Not long after school resumed following their Christmas break, our youngest surprised us by coming home with a flyer for a local church youth basketball league and announcing that she was going to play. Aside from a 3-day summer hoops camp about 4 years ago, she had never shown any interest or inclination towards basketball, aside from interrupting our viewing of college hoops on T.V. We told her that we were happy to sign her up, but she needed to think about it to make sure she was willing to commit to the game. (Another rule of thumb we follow is a basic “You Can’t Quit Once You Commit” policy.)
Well, not only did she “think about it”, she essentially harassed me on a daily basis for about two weeks, haranguing me every afternoon as to whether or not I had signed her up for the league. Knowing how enthusiastic she was about the idea, we filled out the paperwork, dropped it off with the required check, and picked up her practice and game schedule.
We ordered her high-top basketball shoes and pair of basketball socks in bright green (her favorite color), and got her ready for her first practice the following Saturday. The league consists of about 30 total 3rd and 4th graders, both boys and girls. She was randomly assigned to one of the 5 teams (the Hedgehogs). Each week at practice, they make their way around a “circuit” of fundamental skills training (dribbling, passing, shooting, etc.) as well as short scrimmages run by a rotating crop of volunteer parents and college-aged kids.

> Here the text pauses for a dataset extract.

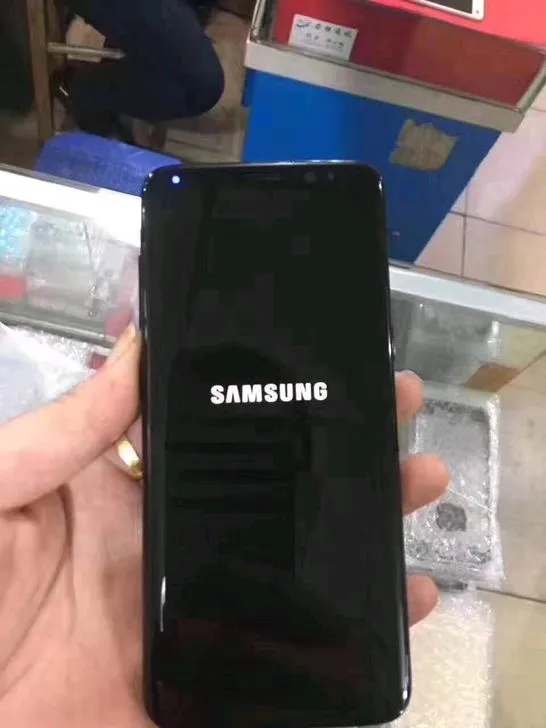 三星Galaxy S8还未发布已现身闲鱼！要价6666元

How enthusiastic was she? After the first practice, we had to stop at the store on the way home and buy her a basketball (green and white, of course). And after we got home, we had to go to the park and practice. For three hours. The following day was (thankfully) a self-imposed day of rest for our budding hoopster, who complained of soreness in muscles she didn’t even know she had. By the following day she had fully recovered, though, and she was ready once again for practice on Monday evening.
After a few more weeks of practice, we fell into an easy routine surrounding the league: Monday evening practices and Saturday morning games, along with an afternoon or two of some ball-handling drills at home. While not the most aggressive shooter on the team, she is beginning to garner a reputation as a fierce defender and a willing rebounder, as well. The games themselves, which started off early in the season resembling something closer to a rugby scrum with an occasional shot towards an 8-foot rim, have actually developed into exciting, well-played contests featuring offensive strategies, defensive adjustments, and even a few moments of heroics and heartbreak.

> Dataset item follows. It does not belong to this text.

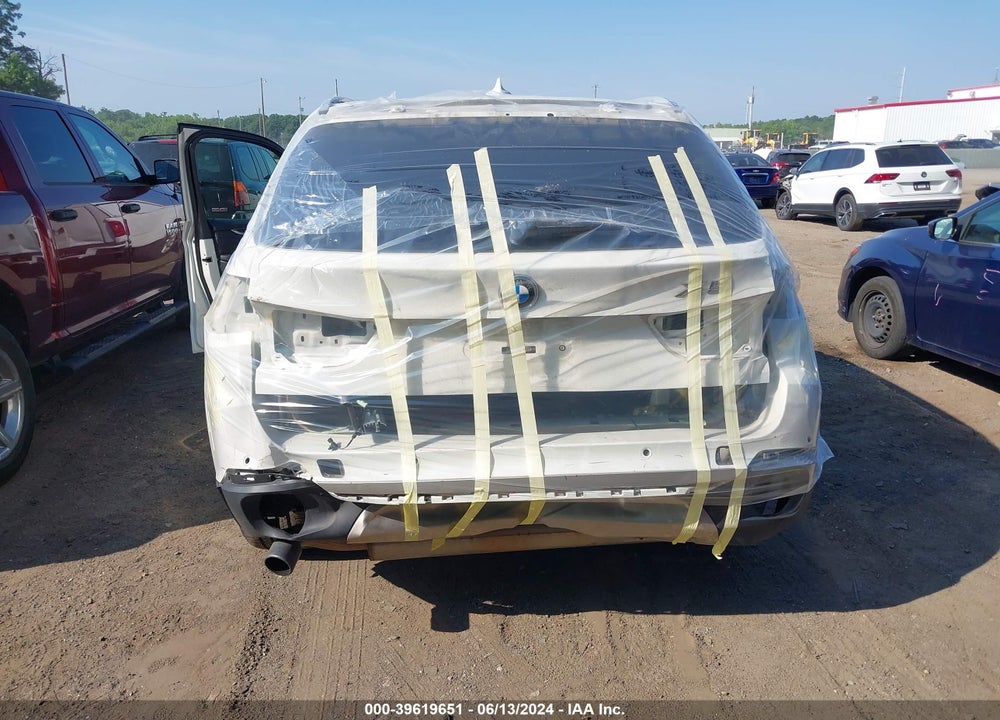 2015 BMW X5 XDRIVE35I VIN: 5UXKR0C54F0P01671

It is a true joy to watch her develop an appreciation for playing the game and an understanding of the importance of solid fundamentals at such an early age. She is greatly enjoying the experience, at both practices and games, and is improving her skills by leaps and bounds with each passing week. She is also showing an impressive amount of enthusiasm towards her own involvement and is actively seeking out ways to become a better player. We are fortunate to have several local opportunities for continued progress in the sport and if she desires, we will certainly support it. We look forward to fostering her development in a game that she seems to have embraced as her own.